Although it might have started last Wednesday when your issue area didn’t get the coverage you hoped for, or it was too expensive, or not enough, or whatever… the community (at least the one I’m surrounded by) has just remained a bunch of Negative Nancys and I’m sick of it! (As you can see, it’s beginning to affect me too.)
I understand, it was really disappointing when Obama said this (and pretty much only this) about the environment:
…But to create more of these clean energy jobs, we need more production, more efficiency, more incentives. That means building a new generation of safe, clean nuclear power plants in this country. It means making tough decisions about opening new offshore areas for oil and gas development. It means continued investment in advanced biofuels and clean coal technologies. And yes, it means passing a comprehensive energy and climate bill with incentives that will finally make clean energy the profitable kind of energy in America.

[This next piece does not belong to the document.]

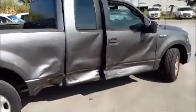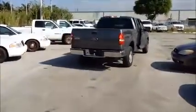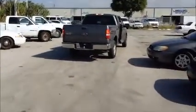We're going to pull the vehicle forward and back.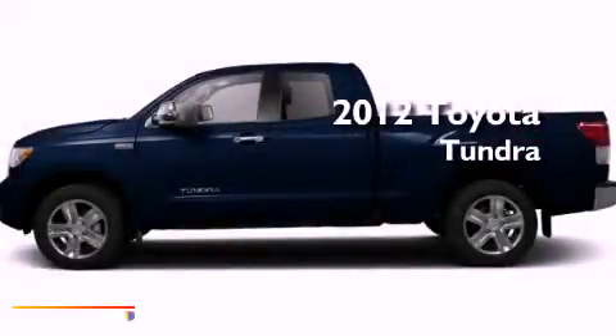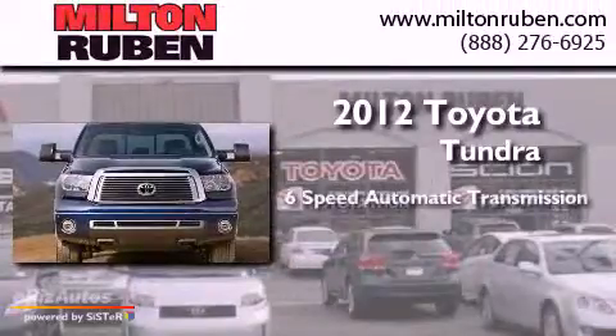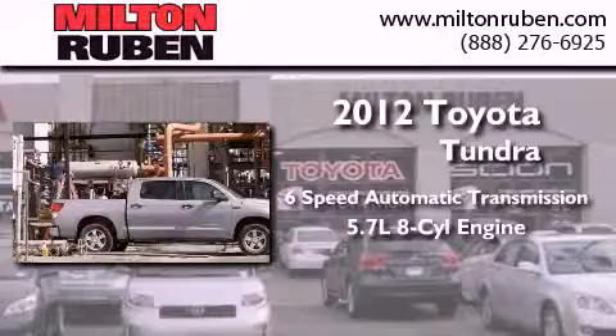This is a brand new 2012 Toyota Tundra. This truck has a 6-speed automatic transmission and a 5.7-liter V8.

Here are some of the responses from some greenies that I look up to and respect from twitter that night: (fyi- #sotu just means State of the Union)
“Uh, I’m sorry, did he just call the US a “leader” in the fight on climate change? In what universe? #sotu“
“Maybe those kids getting that education can breathe in all that clean coal. #ecosotu“
“So, Republicans have refused to clap for bailout bashing or tax cuts. Maybe if he floats torture … #sotu“
“Wow, that clean energy stuff came and went pretty damn quick. #sotu“
“I must be broken. I just don’t get the old Obama chills any more. This year has drained my enthusiasm for words. #sotu“
While the political leanings of these authors are clear, it’s not the politics one way or another that got me the most riled up… it’s all the negativity (and how uncomfortably divided that room was)!
Then, one Thursday I got into a spat with a Monsanto social media stalker who criticized my informing the twitter world that 2 GMO-loving politicians had been appointed into the FDA by sending me this (one is a previous Monsanto employee actually, Michael Taylor, and the other is Tom Vilsack).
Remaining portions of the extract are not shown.